Germany’s current account surplus should recover further due to an improvement in the terms of trade, together with gradual increases in export volumes and falling import volumes. Trade in the balance of goods will likely be higher in 2024 than during the pandemic years. The structural deficit of trade in the balance of services should widen as more Germans spend their holidays abroad, while the surplus of the investment income balance and the balance of current transfers (deficit) should see only small changes. Moreover, with strong growth in nominal GDP, the current account balance as a share of nominal GDP should be lower than in pre-pandemic times.

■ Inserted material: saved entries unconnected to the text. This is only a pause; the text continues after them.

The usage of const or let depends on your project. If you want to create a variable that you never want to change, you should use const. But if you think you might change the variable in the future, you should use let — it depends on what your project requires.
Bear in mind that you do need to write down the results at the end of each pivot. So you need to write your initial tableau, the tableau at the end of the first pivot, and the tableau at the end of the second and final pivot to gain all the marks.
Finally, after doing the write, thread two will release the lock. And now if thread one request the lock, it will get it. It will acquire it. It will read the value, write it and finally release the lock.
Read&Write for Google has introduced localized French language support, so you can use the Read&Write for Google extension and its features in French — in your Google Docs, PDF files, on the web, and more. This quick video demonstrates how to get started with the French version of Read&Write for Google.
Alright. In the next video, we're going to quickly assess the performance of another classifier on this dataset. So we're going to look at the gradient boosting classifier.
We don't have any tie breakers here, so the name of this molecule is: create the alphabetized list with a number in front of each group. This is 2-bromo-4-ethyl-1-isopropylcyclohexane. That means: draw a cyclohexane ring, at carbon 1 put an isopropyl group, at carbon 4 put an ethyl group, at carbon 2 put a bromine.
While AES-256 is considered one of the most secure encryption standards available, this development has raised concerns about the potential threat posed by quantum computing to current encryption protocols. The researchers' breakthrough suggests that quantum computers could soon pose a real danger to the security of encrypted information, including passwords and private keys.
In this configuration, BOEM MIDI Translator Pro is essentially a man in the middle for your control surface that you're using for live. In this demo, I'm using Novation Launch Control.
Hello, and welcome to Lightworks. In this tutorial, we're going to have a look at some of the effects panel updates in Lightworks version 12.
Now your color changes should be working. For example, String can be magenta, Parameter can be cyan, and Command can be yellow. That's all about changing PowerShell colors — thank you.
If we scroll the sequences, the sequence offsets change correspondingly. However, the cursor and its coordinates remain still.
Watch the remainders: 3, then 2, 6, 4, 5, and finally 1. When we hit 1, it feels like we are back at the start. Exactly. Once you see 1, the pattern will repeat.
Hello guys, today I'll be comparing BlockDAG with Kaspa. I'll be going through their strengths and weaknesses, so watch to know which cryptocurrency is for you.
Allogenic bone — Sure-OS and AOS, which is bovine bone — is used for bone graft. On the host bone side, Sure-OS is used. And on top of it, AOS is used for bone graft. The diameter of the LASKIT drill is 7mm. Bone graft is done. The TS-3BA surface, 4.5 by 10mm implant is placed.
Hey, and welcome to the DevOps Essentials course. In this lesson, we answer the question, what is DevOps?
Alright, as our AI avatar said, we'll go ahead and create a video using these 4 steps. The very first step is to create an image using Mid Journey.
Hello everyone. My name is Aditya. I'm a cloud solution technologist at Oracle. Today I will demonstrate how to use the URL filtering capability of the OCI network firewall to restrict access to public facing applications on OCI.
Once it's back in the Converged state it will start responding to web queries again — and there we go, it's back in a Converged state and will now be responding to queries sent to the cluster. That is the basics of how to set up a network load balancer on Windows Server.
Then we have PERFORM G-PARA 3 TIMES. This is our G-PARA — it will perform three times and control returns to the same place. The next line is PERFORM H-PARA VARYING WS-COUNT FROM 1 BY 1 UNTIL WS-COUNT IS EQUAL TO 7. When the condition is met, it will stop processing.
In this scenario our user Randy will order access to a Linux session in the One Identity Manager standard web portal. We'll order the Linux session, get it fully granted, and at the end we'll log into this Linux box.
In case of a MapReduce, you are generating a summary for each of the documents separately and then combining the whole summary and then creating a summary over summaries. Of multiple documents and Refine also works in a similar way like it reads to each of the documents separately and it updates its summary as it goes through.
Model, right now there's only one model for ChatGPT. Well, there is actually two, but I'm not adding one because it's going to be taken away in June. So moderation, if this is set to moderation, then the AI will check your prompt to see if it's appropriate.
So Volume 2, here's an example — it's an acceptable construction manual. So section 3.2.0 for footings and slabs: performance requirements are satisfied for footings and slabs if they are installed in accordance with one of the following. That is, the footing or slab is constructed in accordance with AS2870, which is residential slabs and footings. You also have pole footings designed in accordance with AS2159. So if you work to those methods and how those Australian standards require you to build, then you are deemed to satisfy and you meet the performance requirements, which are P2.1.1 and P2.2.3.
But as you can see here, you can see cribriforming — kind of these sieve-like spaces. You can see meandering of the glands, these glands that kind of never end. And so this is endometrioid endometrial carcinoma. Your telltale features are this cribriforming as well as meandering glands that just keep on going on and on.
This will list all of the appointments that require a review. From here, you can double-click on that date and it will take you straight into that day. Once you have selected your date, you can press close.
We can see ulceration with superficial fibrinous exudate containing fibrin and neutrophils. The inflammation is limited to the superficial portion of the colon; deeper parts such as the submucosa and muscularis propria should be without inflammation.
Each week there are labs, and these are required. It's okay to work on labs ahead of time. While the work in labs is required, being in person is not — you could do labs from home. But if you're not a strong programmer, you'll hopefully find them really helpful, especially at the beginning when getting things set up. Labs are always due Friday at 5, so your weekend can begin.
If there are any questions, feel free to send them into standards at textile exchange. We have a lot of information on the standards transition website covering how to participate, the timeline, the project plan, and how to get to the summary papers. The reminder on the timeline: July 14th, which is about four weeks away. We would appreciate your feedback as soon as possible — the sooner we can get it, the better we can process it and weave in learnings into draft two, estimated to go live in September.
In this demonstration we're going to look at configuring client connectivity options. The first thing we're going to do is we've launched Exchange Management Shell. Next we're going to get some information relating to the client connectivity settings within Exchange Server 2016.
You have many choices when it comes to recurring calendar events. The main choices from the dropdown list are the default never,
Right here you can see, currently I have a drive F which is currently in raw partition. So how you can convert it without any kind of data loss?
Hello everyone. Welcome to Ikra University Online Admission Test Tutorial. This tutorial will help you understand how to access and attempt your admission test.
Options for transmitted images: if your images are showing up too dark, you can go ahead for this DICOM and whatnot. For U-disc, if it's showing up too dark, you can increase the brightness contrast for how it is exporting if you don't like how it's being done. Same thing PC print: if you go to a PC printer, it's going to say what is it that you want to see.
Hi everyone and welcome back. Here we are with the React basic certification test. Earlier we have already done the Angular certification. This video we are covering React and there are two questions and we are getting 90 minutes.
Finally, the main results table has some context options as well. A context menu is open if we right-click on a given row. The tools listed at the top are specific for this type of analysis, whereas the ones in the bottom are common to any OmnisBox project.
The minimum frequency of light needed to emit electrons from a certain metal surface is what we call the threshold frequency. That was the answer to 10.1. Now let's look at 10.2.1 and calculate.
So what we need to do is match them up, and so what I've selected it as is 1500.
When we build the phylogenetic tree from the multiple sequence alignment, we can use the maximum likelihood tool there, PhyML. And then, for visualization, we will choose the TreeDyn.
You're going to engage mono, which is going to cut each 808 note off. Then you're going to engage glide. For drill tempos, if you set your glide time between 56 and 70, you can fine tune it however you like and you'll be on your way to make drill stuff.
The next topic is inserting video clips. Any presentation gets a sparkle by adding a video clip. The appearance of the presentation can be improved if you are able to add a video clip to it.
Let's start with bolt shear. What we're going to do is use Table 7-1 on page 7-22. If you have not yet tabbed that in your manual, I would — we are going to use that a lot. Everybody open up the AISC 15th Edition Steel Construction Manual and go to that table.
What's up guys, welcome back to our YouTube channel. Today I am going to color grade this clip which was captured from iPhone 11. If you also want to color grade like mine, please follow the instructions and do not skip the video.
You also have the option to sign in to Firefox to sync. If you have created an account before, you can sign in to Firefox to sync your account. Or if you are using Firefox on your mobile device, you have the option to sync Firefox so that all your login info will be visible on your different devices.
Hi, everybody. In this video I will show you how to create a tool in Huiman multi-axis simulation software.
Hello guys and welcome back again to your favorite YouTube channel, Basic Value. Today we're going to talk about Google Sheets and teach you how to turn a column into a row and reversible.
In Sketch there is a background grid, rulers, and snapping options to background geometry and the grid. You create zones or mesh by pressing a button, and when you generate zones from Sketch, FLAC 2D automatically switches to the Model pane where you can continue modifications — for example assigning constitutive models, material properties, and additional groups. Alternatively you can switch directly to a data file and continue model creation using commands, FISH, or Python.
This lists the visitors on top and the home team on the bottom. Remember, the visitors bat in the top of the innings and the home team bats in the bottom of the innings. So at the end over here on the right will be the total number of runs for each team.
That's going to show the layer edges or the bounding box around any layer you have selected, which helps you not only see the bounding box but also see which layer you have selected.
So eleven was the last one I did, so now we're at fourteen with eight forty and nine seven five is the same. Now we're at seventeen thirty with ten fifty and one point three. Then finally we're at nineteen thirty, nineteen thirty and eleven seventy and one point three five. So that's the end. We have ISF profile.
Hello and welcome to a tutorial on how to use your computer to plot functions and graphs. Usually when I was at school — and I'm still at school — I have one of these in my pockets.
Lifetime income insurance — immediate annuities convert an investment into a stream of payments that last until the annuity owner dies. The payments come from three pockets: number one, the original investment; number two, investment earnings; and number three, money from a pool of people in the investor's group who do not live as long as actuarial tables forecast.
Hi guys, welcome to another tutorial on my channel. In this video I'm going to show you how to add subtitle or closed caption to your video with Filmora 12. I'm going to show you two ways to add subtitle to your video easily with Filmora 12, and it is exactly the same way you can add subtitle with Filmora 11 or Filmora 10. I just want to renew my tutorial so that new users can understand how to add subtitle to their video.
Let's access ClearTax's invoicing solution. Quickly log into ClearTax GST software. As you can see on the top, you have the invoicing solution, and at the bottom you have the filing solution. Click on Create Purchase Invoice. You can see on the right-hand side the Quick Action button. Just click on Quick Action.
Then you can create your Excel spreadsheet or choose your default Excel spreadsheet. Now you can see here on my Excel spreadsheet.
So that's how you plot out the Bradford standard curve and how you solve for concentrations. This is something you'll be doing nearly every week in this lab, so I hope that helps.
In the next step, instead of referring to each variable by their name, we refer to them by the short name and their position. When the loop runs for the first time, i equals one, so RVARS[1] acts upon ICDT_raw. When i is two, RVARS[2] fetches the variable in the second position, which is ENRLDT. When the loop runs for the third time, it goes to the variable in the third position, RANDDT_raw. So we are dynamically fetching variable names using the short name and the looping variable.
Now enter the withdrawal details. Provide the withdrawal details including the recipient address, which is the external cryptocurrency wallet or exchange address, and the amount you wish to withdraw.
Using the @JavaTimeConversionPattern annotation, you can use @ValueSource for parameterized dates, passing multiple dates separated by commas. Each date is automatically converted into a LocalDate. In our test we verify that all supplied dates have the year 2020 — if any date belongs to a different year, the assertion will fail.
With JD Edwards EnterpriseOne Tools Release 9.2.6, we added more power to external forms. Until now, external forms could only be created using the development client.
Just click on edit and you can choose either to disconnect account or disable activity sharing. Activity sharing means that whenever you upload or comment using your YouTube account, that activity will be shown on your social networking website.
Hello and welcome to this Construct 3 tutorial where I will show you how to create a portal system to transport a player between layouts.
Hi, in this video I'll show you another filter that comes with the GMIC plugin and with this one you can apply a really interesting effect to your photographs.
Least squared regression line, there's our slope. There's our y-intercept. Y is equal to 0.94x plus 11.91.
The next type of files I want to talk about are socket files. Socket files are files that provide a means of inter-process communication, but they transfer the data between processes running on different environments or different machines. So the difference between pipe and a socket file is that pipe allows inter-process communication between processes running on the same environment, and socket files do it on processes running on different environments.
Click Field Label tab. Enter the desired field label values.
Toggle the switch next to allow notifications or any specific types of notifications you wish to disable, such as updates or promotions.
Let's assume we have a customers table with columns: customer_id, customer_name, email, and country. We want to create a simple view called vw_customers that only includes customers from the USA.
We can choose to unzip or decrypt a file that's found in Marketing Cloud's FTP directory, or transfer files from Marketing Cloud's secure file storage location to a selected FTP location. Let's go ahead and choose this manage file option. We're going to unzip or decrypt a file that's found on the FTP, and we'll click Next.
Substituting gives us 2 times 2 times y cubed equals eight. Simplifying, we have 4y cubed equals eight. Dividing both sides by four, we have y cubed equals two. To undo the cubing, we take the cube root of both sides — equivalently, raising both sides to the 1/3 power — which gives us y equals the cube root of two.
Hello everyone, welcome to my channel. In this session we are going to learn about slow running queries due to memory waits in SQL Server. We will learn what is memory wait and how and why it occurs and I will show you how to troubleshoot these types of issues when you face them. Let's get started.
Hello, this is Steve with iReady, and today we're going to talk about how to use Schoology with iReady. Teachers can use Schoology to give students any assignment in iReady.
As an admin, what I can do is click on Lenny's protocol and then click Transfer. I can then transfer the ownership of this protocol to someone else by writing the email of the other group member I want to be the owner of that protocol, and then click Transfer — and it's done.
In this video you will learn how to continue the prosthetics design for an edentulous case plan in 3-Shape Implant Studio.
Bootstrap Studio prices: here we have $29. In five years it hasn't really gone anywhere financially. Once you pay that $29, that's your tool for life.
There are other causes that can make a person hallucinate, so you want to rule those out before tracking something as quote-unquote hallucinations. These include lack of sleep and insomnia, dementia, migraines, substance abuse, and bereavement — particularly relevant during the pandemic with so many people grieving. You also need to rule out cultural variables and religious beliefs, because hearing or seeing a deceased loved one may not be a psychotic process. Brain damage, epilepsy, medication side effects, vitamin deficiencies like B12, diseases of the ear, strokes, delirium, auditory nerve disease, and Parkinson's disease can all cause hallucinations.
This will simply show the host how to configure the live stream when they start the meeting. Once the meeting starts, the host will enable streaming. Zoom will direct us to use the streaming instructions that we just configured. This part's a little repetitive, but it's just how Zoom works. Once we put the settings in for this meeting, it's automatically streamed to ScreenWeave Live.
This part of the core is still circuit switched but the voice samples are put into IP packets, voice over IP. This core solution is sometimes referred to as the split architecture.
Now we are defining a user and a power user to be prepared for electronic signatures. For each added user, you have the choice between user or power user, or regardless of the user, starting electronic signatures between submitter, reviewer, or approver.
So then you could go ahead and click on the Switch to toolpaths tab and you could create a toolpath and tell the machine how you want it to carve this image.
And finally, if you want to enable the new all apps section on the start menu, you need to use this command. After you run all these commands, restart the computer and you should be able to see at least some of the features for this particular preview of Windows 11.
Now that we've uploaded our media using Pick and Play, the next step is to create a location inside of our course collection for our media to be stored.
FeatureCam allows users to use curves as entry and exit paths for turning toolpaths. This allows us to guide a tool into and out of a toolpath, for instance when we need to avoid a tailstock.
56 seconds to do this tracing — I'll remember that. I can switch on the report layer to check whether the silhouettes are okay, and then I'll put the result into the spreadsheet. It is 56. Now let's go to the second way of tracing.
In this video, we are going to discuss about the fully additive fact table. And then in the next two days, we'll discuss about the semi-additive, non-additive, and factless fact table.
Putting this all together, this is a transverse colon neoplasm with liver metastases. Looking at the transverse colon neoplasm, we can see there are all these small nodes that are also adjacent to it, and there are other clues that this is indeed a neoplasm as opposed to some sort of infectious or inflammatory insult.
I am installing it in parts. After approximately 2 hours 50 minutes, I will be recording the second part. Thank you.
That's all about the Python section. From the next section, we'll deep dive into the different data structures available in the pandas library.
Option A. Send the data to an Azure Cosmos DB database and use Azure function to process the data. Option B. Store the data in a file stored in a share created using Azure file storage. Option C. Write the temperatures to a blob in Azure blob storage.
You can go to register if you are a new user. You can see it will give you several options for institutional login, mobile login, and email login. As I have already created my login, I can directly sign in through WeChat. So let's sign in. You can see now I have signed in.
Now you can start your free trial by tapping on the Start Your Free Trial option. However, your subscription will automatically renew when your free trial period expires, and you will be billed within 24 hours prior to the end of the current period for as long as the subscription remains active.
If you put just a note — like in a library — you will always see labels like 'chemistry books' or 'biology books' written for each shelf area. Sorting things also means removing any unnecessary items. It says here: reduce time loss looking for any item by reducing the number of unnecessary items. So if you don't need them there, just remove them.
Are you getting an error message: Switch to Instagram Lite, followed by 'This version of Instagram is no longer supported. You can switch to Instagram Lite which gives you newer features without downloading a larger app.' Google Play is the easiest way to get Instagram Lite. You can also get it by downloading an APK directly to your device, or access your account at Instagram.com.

The first three-party-governing coalition in German history is (still) muddling through
Since December 2021, German Chancellor Olaf Scholz (Social Democrat, SPD) has led the very first three-party coalition in German history with the SPD (206 out of 736 seats in Parliament), the environmentalist Greens (118 seats) and the liberal FDP (92 seats). The war in Ukraine and the resulting energy crisis have caused a drift towards the centre, especially for the parties on the outer edge, i.e., the Greens and the FDP. The political work of the coalition is characterised by large-scale public infighting between parties around legislative projects that were leaked. The Greens had to soften the draft Building Energy Act after fierce opposition from the public. The outcry arose from part of the legislation which ordered that every newly installed heating system is to be operated using 65% renewable energies from 1 January 2024. The FDP, on the other hand, has been publicly criticised for the harsh austerity measures implemented by the finance ministry it directs. The SPD and Chancellor Olaf Scholz rarely interfere in the disputes in a meaningful manner. The main beneficiary of the political turmoil is the national conservative AfD party, which in July 2023 snaffled 20% of the vote in nationwide polls for the first time in its existence. This would make it the second-largest party in the Bundestag behind the conservative CDU/CSU. So far, all other parties in the Bundestag have ruled out any cooperation with the AfD. The latter’s stronger position therefore means that any tie up must include at least three parties to form a majority coalition. With this prospect in mind, it is unlikely that any of the other parties would risk a snap election. The current governing coalition is therefore likely to remain in place until the next scheduled election in September 2025.